Closed KirillOsenkov closed 3 years ago
From @mmitche:
here's a thought on something i noticed. In that huge log there are a TON of project started nodes, with a ton of total properties and itemgroups that get logged. But in quite a few cases, the target that is being invoked doesn't actually exist...
Should msbuild just be skipping the logging?
See related: https://github.com/microsoft/msbuild/issues/3616
I think I have an idea of how to deduplicate these.
We can do it for a list of properties and a list of items.
@mmitche suggests it would be even better if we didn't send the duplicate properties and items across nodes at all. This would cut down on the chattiness for all loggers.
My experiments indicate that only about 10% of the overall project invocations have unique input item + property sets. Overall these properties are gigantic (e.g. aspnetcore had about 3 gigs of data) so the wins could be significant.
Avoid logging ProjectStarted items and properties if the target doesn't exist or is empty
I think we should log properties and items at the ProjectEvaluationFinished, not at ProjectStarted. This way they will be logged only once if multiple projects start with the same evaluation. This will reduce the amount of data we log that has to flow through the logging system.

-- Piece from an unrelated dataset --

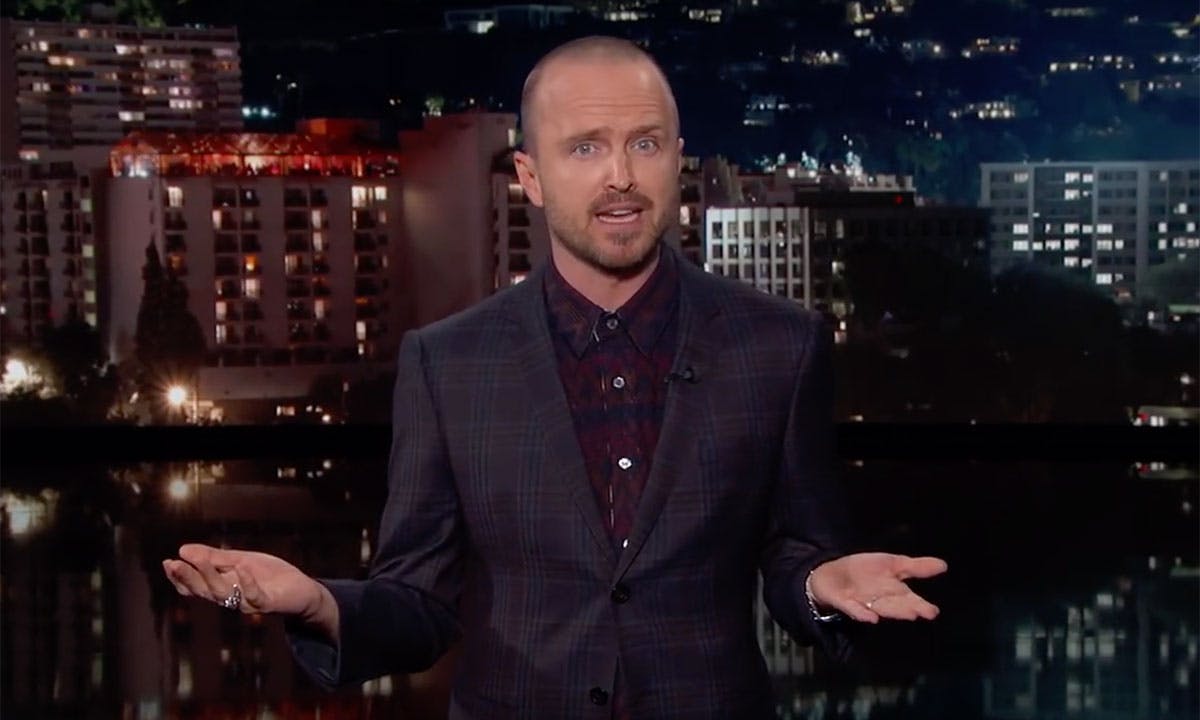 Aaron Paul suit city lights background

And we can make an escape hatch to only turn on the new mode for BinaryLogger.
What I've learned is that properties and items on ProjectStartedEventArgs aren't sent across nodes at all. This explains why only some projects have properties and items - they were built on the in-proc node.
LoggingService.SerializeAllProperties is interesting
MSBUILDFORWARDALLPROPERTIESFROMCHILD if set to one will enable sending all properties from nodes to central node (but not items since there's no logic to serialize items in WriteToStream)
_buildParameters.LogInitialPropertiesAndItems is equivalent
LoggingNodeConfiguration.LogTaskInputs is a place where it feels appropriate to configure whether to send properties and items on ProjectEvaluationFinished instead of ProjectStarted
Yes looks like LoggingNodeConfiguration is the proper way to tell the node what to do. Setting a Trait from BinaryLogger will only impact the central node.
ProjectStartedEventArgs is usually very heavyweight, with GlobalProperties, Properties and Items.
For a 130 MB binlog you get 6844 events totalling ~0.5 GB, where the most massive event starts around 5 MB, with 29 GlobalProperties (including CurrentSolutionConfigurationContents of 40 KB), 8517 items (most with tons of metadata) and 1289 properties.
We see projects being called multiple times with the same properties and items. Maybe if those are immutable collections we should see if we've logged this exact snapshot before, and if yes, avoid logging it again? Feels like something along these lines is already in place, since some projects don't get properties and items logged already (and I don't understand when they are or are not logged).
Basically worth looking into. ProjectStarted is the second most heavy of all args types, topped only by BuildMessage totalling ~ 1 GB.